ぱらぱらと薄く白くなる程度の小雪でした。
ここ数日、本格的な寒さが襲来しました。
一番厚いブーツを履き、マフラも二重にしています。



夕方、日本人同僚のメイさんと食堂で一緒に食事をしながら、
四方山話をしました。
メイさんは元ジャーナリスト。
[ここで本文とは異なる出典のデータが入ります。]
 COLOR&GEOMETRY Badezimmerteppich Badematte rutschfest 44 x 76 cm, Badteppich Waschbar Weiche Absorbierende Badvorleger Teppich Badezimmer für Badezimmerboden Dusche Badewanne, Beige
退社後に直ちに中国での再就職を決定。
愚痴をこぼすことがきっかけで、
メイさんの口から、私が忘れて久しく、はっとさせたお話を聞くことができました。


「あなたたちはどれだけ恵まれているのか。
 局の門を出る度に、私はつくづくそう思う。
 安定した収入があり、快適なオフィスで働いて、
 有給休暇がもらえて、年に何度も職場からお土産をもらっている。
 出稼ぎに来ているその辺の女の子は、
 土日ろくに休めることもできずに働き、
 安月給に不満も言えない。
 この国で、恵まれない人たちが数多くいるのに、
 あなたたちは、その人たちの存在を忘れたようで…
 あなたたちは自分たちの責任を自覚しているのか?」


良い問いかけでした。
ジャーナリストらしい辛らつだが、的を得た発言でした。
忘れて久しいこと。
子供のときはまだたくさん聞かされていましたが、
働くようになってからそんなことに気を紛らわすことはない。
精一杯のルーチンの仕事で、自分が当たり前の人間になってしまった。
今の暮らしぶりも職場の環境も自分の待遇も当たり前のようにしか思えない。
恵まれている環境にいるという意識もなければ、
社会で中堅的な役割を担って、この社会をよりよくするために
努力すべきだという意識もない。
欠落の人間になってしまった。


この社会で忘れられた存在がいる。
自分も知らずのうち、
彼らを忘れさせる側の人間になってしまいました。